Les extraits
Morceau choisi
La grande route d’Artois et de Flandre est longue et triste. Elle s’étend en ligne droite, sans arbres, sans fossés, dans des campagnes unies et pleines d’une boue jaune en tout temps. Au mois de mars 1815, je passai sur cette route et je fis une rencontre que je n’ai point oublié depuis.
J’ étais seul,j’étais à cheval,j’avais un bon manteau blanc, un habit rouge, un casque noir, des pistolets et un grand sabre ; il pleuvait à verse depuis quatre jours et quatre nuits de marche, et je me souviens que je chantais Joconde à pleine voix.J’étais si jeune ! La maison du Roi, en 1814, avait été remplie d’enfants et de vieillards ; l’Empire semblait avoir pris et tué les hommes.

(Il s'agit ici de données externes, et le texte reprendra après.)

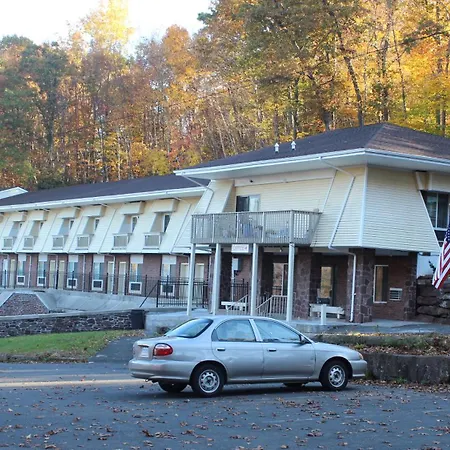 Passport Inn And Suites - Middletown-2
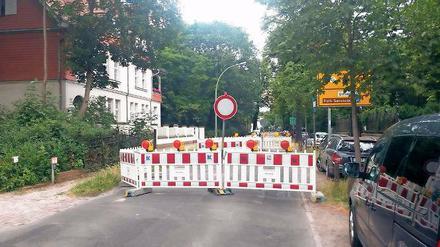 Gesperrt. Die Geschwister-Scholl-Straße hat sich abgesenkt.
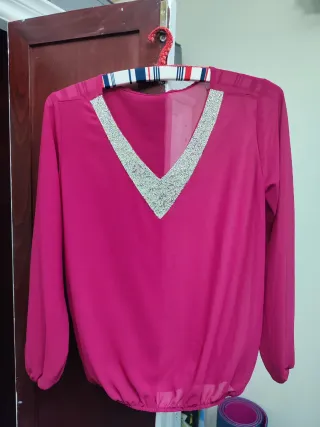 Blusa rosa con escote V y detalles plateados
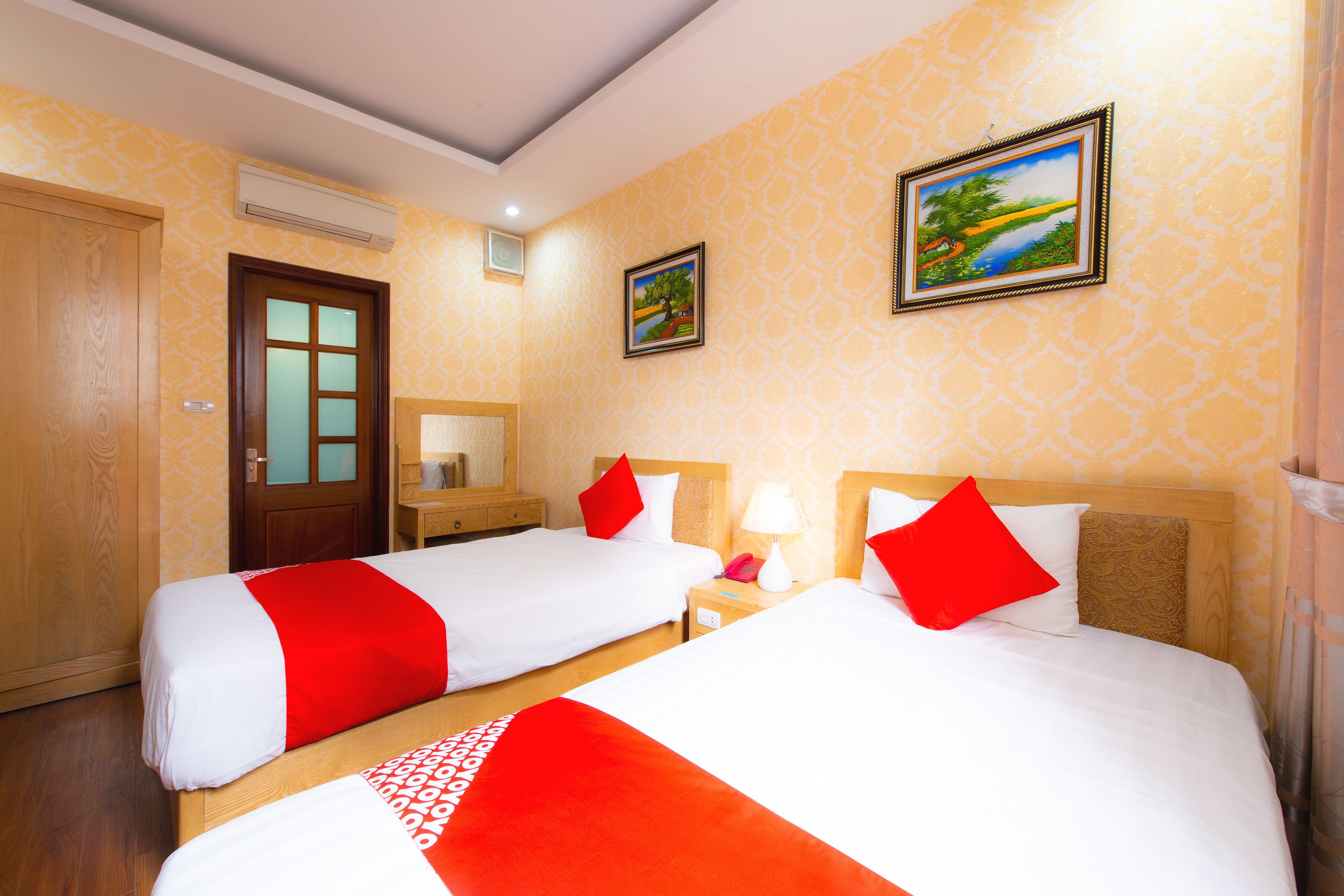 Photo - Super OYO 191 Dragon Hotel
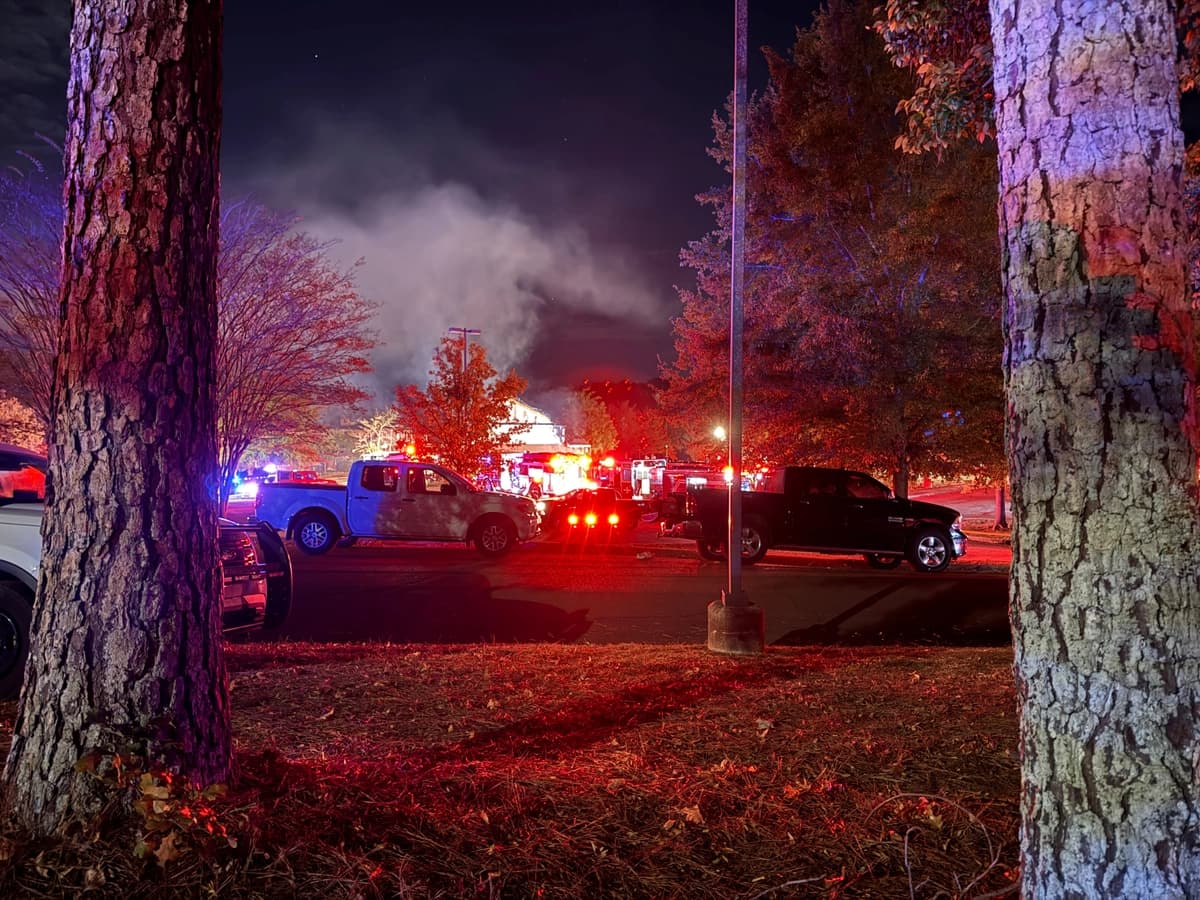 Una densa columna de humo se eleva tras un incendio que provocó la evacuación de la residencia de ancianos Brookdale Senior Living en Clinton, Mississippi, el 21 de octubre de 2026. (Foto de Sophie Bates/AP).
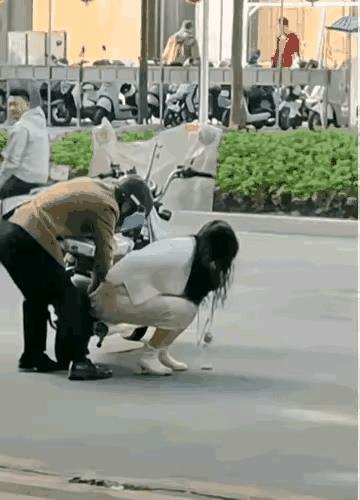 穿裙子的时候不要坐在电动车后座，裙摆要是卷进车轮里可就太尴尬了。要是在路中间发生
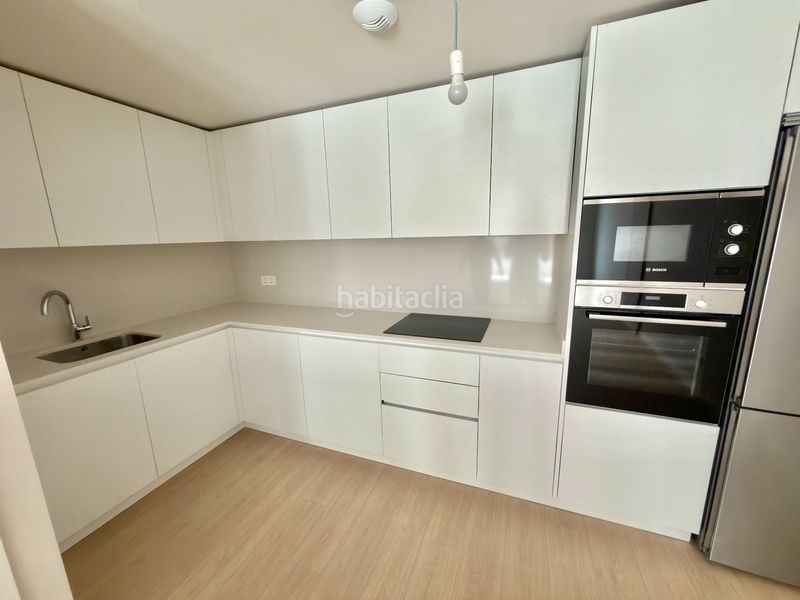 Foto e26eb2cc-bee5-4070-aa3b-1d435a73c679. Pis a calle doctor domagk 2 a Russafa Valencia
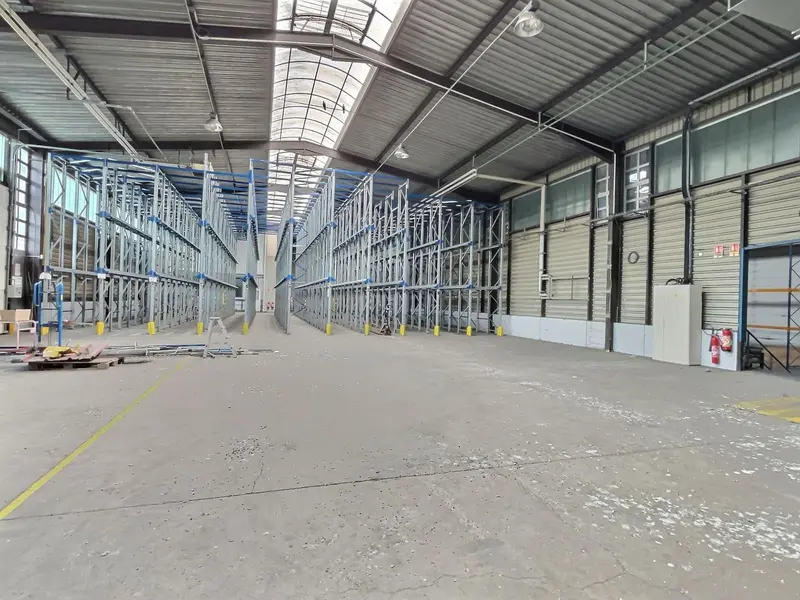 À LOUER – BÂTIMENT PROFESSIONNEL / INDUSTRIEL – SAINT-AVOLD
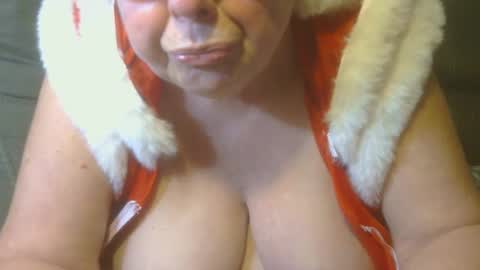 Snapshot of tight_kitty55 chatting on December 8, 2024, 2:39 am tight Kitty55 online show from December 8, 2024, 2:39 am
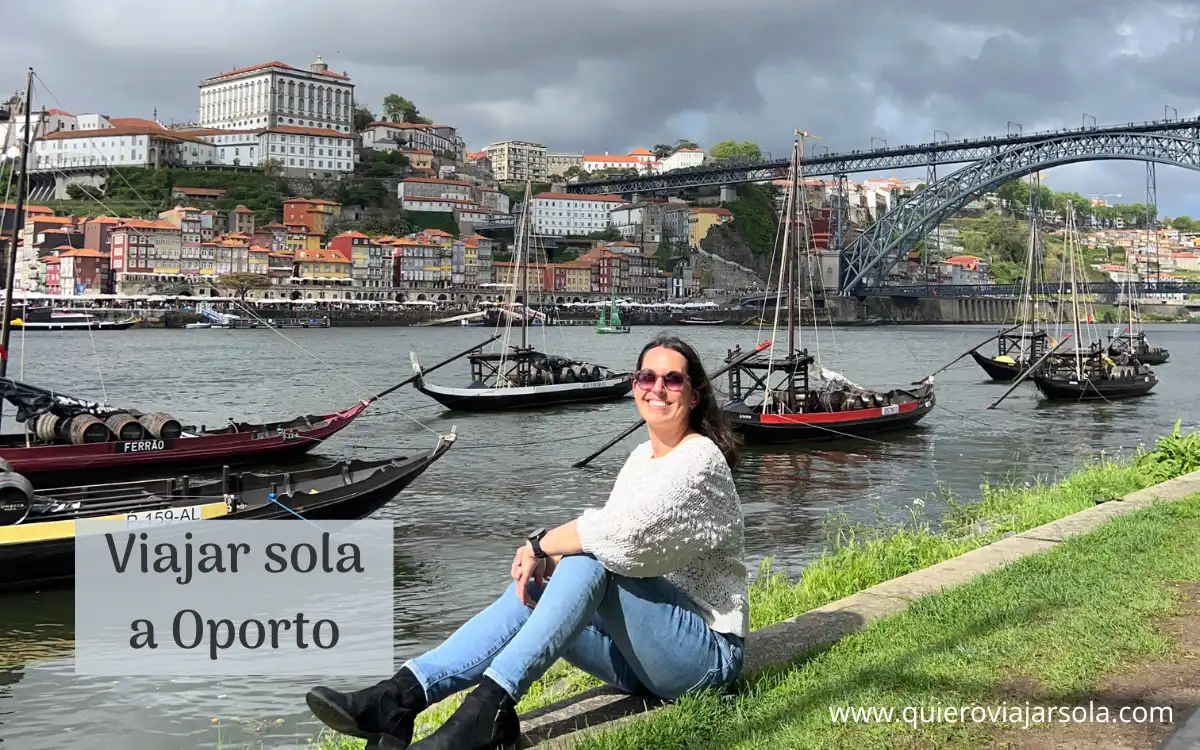 Yo en la ribera de Vila Nova de Gaia con Oporto y el puente don Luis I detrás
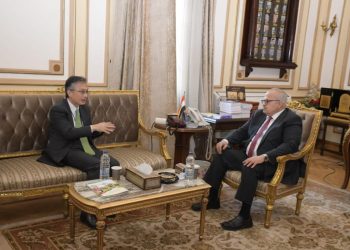 رئيس جامعة القاهرة يبحث مع سفير اليابان تعزيز التعاون مع الجامعات اليابانية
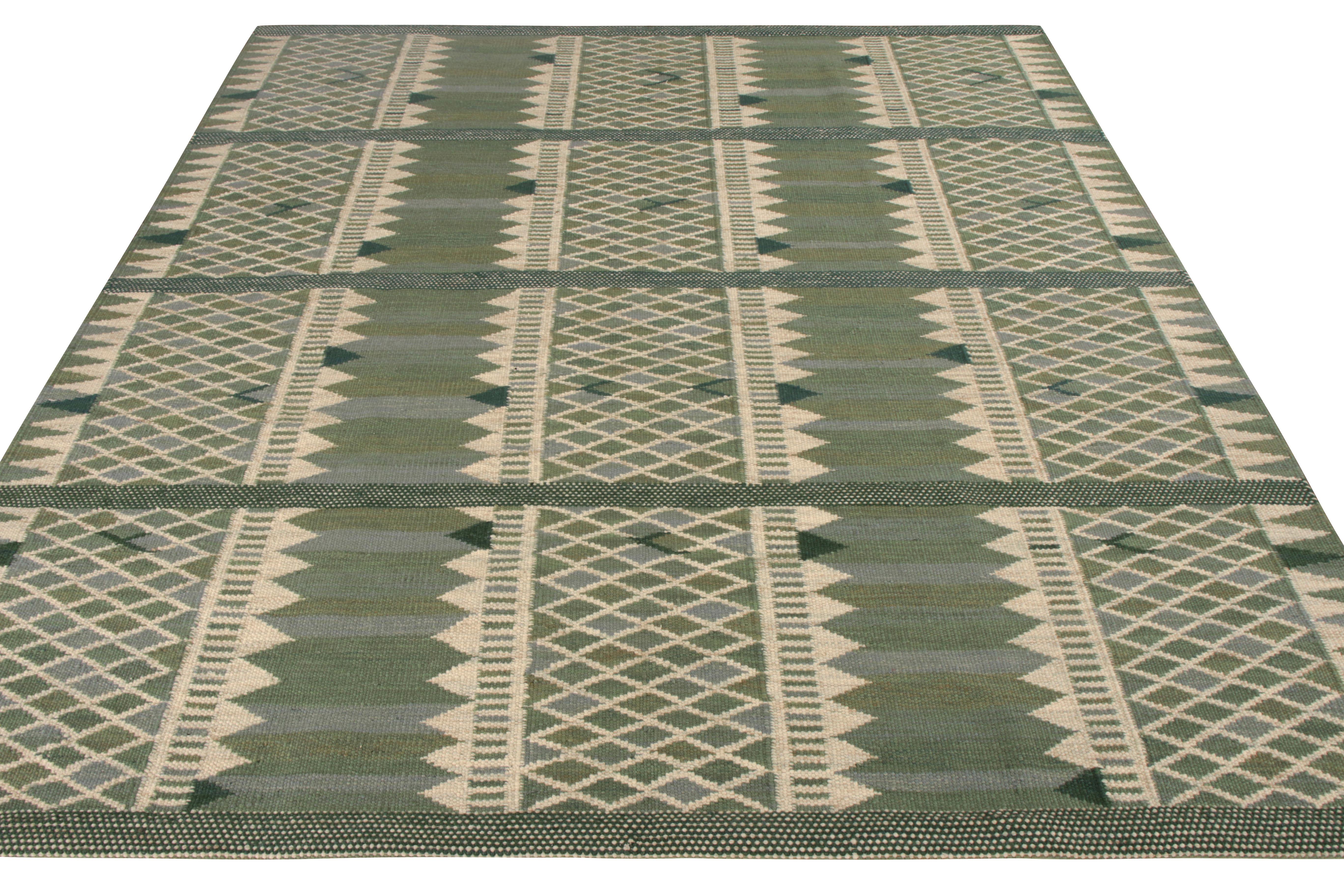 Une ode 8x9 au style scandinave Kilim qui rejoint la célèbre collection de Rug & Kilim. Ce tissage plat particulier reflète une aura élégante et apaisante en adoptant une palette subtile de verts et de beiges qui complètent son motif géométrique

Mes camarades étaient en avant, sur la route, à la suite du roi Louis XVIII ; je voyais leurs manteaux blancs et leurs habits rouges, tout à l’horizon au nord ; les lanciers de Bonaparte, qui surveillaient et suivaient notre retraite pas à pas, montraient de temps en temps la flamme tricolore de leurs lances à l’autre horizon. Un fer perdu avait retardé mon cheval : il était jeune et fort, je le pressai pour rejoindre mon escadron ; il partit au grand trot. Je mis la main à ma ceinture, elle était assez garnie d’or ;j’entendis résonner le fourreau de fer de mon sabre sur l’étrier, et je me sentis très fier et parfaitement heureux.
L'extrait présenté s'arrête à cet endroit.